Plagiarised Text Or Images? What To Do

Unauthorised use of text and images is rife on the Web and the situation seems to be getting worse. Finding your lovingly crafted article on another site is upsetting and fighting back seems daunting. Well, it needn’t be, if you follow the steps outlined below.

I’m not a lawyer and the steps below don’t argue over angels dancing on legal pins but they’re what I do when I find my property stolen and they do work.

Know Your Rights

Pretty simple: if you created it, it’s your property. That only changes if you explicitly say so. You don’t need to put a copyright notice on anything. The only reason for doing so is to deter casual thieves – the professionals won’t even look at it.

Fair Use

There’s a defence often put forward by copiers “it’s fair use”. This confuses the lawyers so I go by a simple rule: if the copying affects your subsequent sale of the property, or if people would not need to visit your original after seeing a copied portion, it’s theft. A quick example might be a slightly reduced size copy of a photograph: once such an image is out there you’ll never be able to sell the original to a respected purchaser such as a newspaper or magazine site.

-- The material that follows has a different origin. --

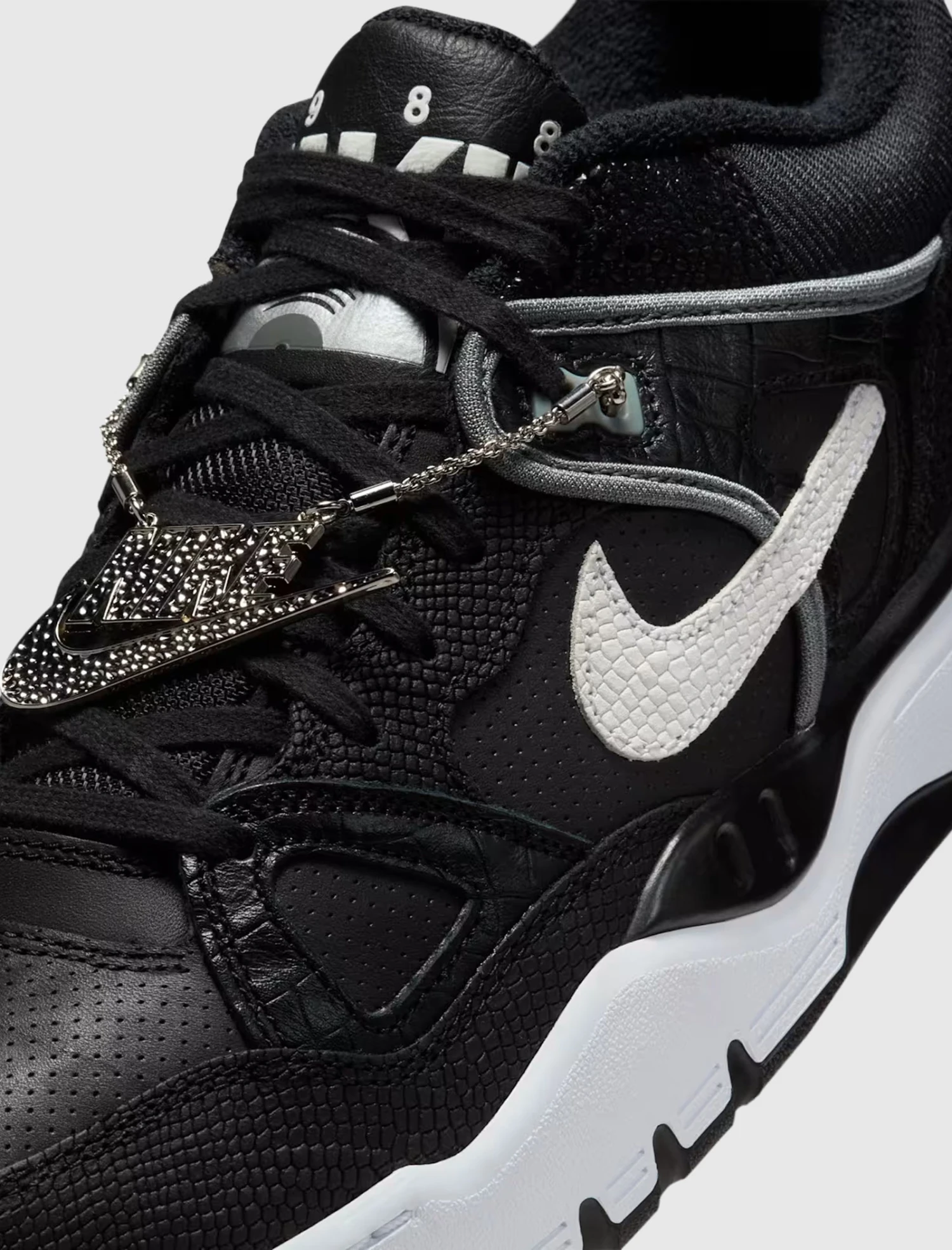 Nike NIGO AIR FORCE 3 LOW "BLACK AND WHITE" 2 Nike NIGO AIR FORCE 3 LOW "BLACK AND WHITE" - Image 2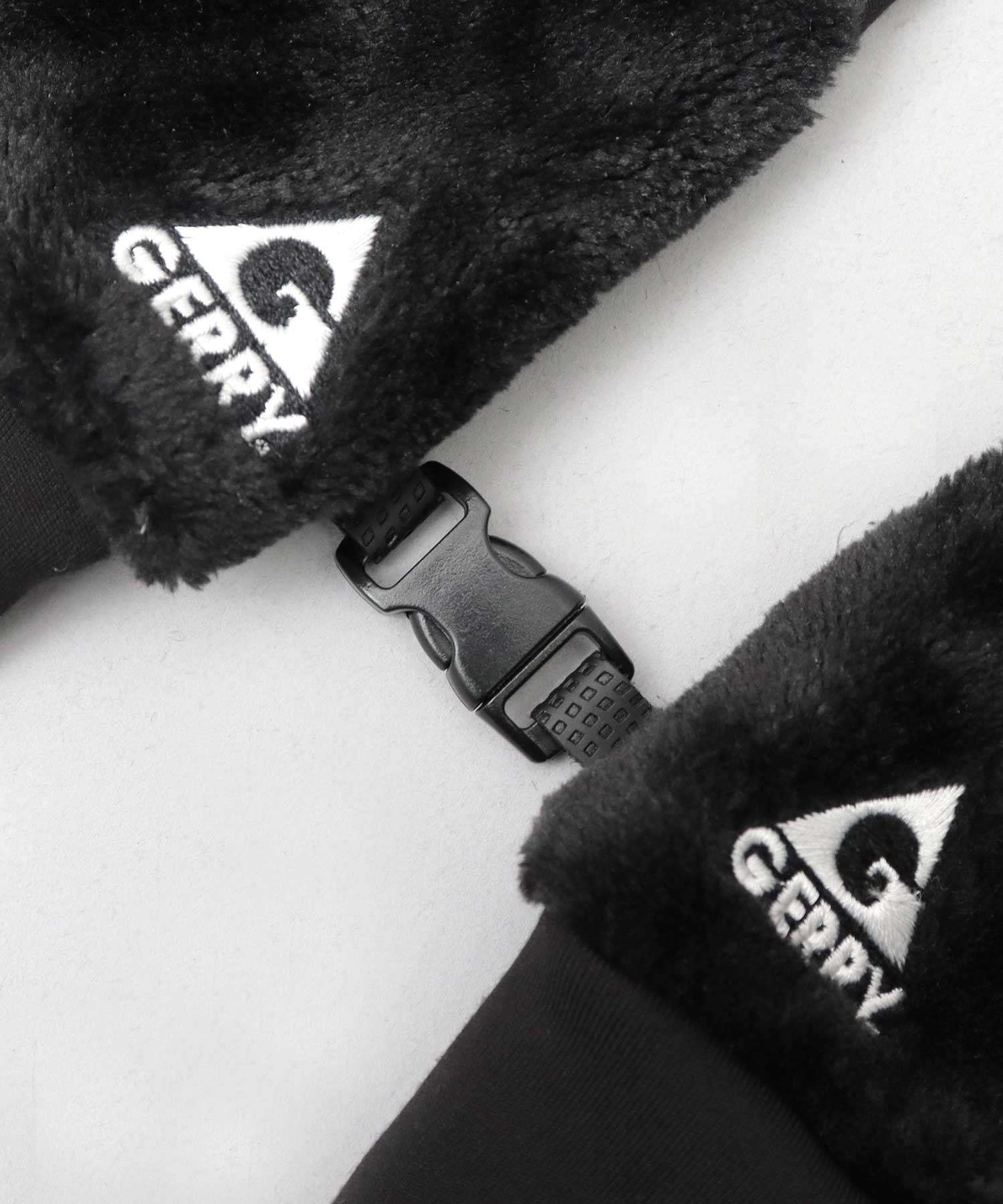 ジェリー GERRY ダイレクトタッチ仕様 グローブ 手袋 防寒 秋 冬 アウトドア スポーツ レジャー 通勤 通学 （ブラック） ブラック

For text, a small quotation is legal. A large chunk isn’t.

I Gave You A Credit/Link

That doesn’t lessen the offence in the slightest. Yes, you may allow someone to use your content if they attribute with a link but linking doesn’t magically bestow permission.

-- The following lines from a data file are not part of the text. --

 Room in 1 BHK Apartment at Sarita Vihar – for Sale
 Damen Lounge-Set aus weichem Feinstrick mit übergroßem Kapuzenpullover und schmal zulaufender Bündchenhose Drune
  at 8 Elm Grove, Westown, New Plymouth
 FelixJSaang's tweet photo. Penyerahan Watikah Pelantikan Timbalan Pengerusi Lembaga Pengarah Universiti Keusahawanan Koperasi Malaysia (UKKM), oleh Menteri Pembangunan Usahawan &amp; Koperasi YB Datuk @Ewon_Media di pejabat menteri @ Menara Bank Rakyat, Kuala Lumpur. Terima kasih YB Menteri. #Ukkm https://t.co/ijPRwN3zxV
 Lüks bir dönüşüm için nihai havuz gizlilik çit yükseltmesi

How Do I Know I’ve Been Ripped Off?

Watch for a drop in traffic. If you see a drop over a couple of days, copy a couple of sentences as a block into Google – look through the results. You can use Google’s image search to find your images on other sites – click on the magnifying glass in the search box and enter the URL of the image.

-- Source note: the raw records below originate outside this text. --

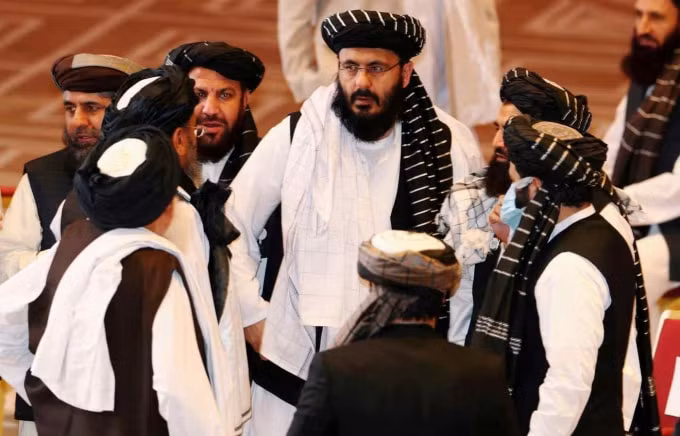 Các đại biểu Taliban phát biểu trong cuộc hội đàm giữa chính phủ Afghanistan và quân nổi dậy ở Doha, Qatar, vào ngày 12 tháng 9 năm 2020 - Ảnh: Reuters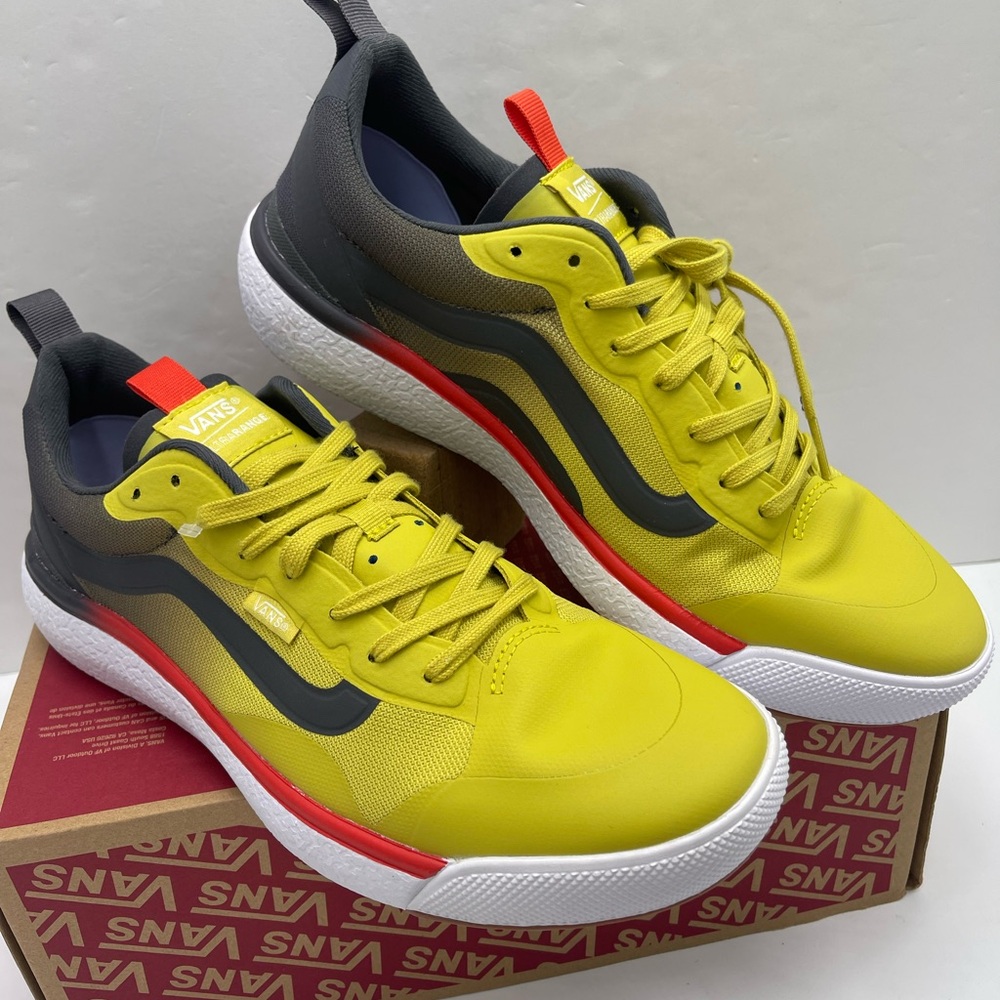 Vans WMNS Mte Ultrarange Exo
Sulphur
VN000CWCD2P Sneakers - Picture 10 of 16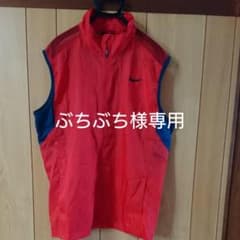 NIKE ベストのサムネイル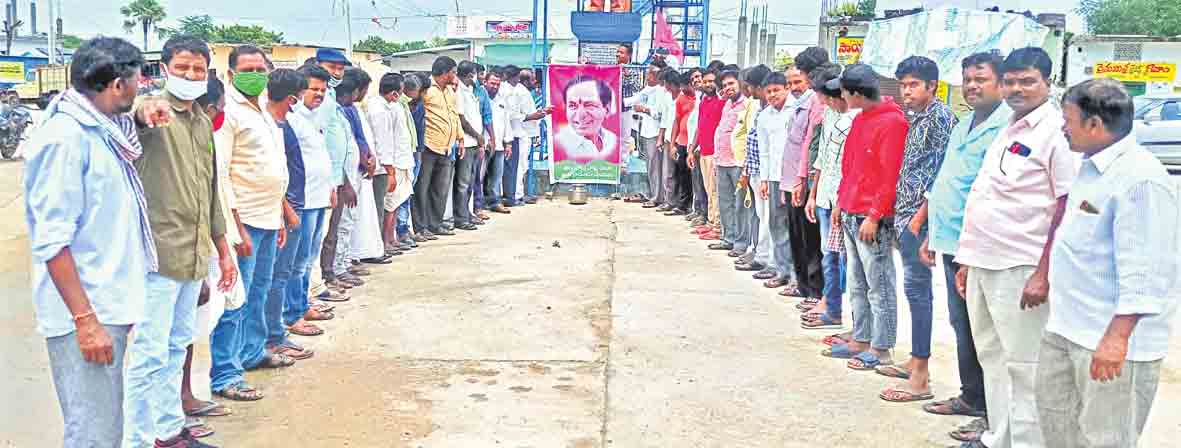 సీఎం కేసీఆర్‌ ఫ్లెక్సీకి క్షీరాభిషేకం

It’s best not to search for the opening sentences as that will often give false positives: if you have an RSS feed then those sentences may show up on lots of pages. Take text from lower down your page.

Found A Thief: Can I Kill Him?

No, sadly. Nor can you attack him any way other than legally. Tempting though it is, don’t ask a hacker you know to clobber his site – you’re the one who could end up being prosecuted.

Identify The Thief

Identify his domain and host. If your article on Bald Eagles is appearing on www.xxx.com then go to Google and enter “whois xxx.com”; “whois” has a particular meaning on the web and will take you to his domain registration details. You may need to try a couple of results as some sites offering info do vary, but you’ll possibly see the thief’s personal contact details, including email.

If he’s keeping details private, look for “name server”. That will identify where he’s hosting his site. For one of my domains, you would see:

Name Servers:
ns1163.hostgator.com
ns1164.hostgator.com

From that you see that HostGator is my host for that site.

DMCA Notice

The DMCA notice (letters pronounced separately) is the legal silver bullet – it states your ownerhip of the property and demands removal. Even if the thief is in a country that might not respect the notice, send it anyway. Emailed notices are legal. See a good example notice.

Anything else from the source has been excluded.